US-Präsidentschaftswahlen werden bekanntlich in den sogenannten Swing States entschieden, also Bundesstaaten, in denen traditionell ein knapper Ausgang zwischen Demokraten und Republikanern zu erwarten ist. Die eigene Basis ist in solchen Staaten meist leichter zu motivieren, da dort große Summen für den Wahlkampf ausgegeben werden, während in „sicheren Staaten“ fast überhaupt kein Wahlkampf stattfindet. Spätestens dann, wenn die jeweils eigene Basis ausgeschöpft ist und die Umfragen immer noch ein enges Rennen signalisieren, kommen die Independents ins Spiel: unabhängige, parteiungebundene Wähler und Wechselwähler. Was diese Gruppe denkt, welche Anliegen ihr mehrheitlich wichtig sind und wie sich diese Wählergruppe am besten gewissen lassen, sind Fragen, die die Wahl entscheiden und auf die die jeweiligen Kampagnen Antworten finden müssen. 
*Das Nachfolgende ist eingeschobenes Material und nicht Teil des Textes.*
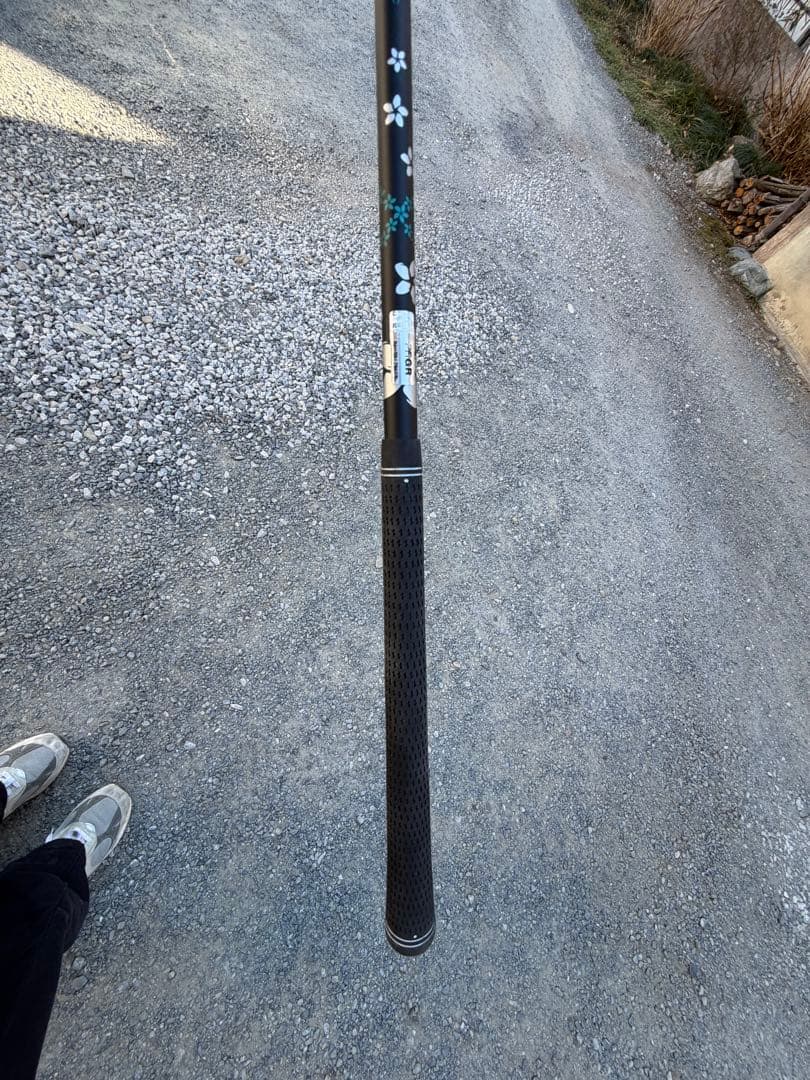 PRGR RSX ドライバー 9.5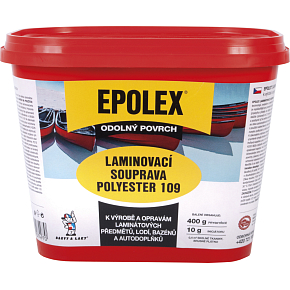Epolex professional laminating system, 400 g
Dabei sticht ein Thema heraus, das früher für erbitterte Schlagabtausche zwischen Demokraten und Republikanern gesorgt hat: die Entkriminalisierung von Cannabis. Hier herrscht auf einmal große Einigkeit, die sicher auch mit den Präferenzen der Unabhängigen zu erklären ist. 70 Prozent dieser Gruppe befürworten laut einer Gallup-Umfrage die völlige Legalisierung von Cannabis auch auf Bundesebene. Auch in den meisten Swing States sind diese Zahlen ähnlich.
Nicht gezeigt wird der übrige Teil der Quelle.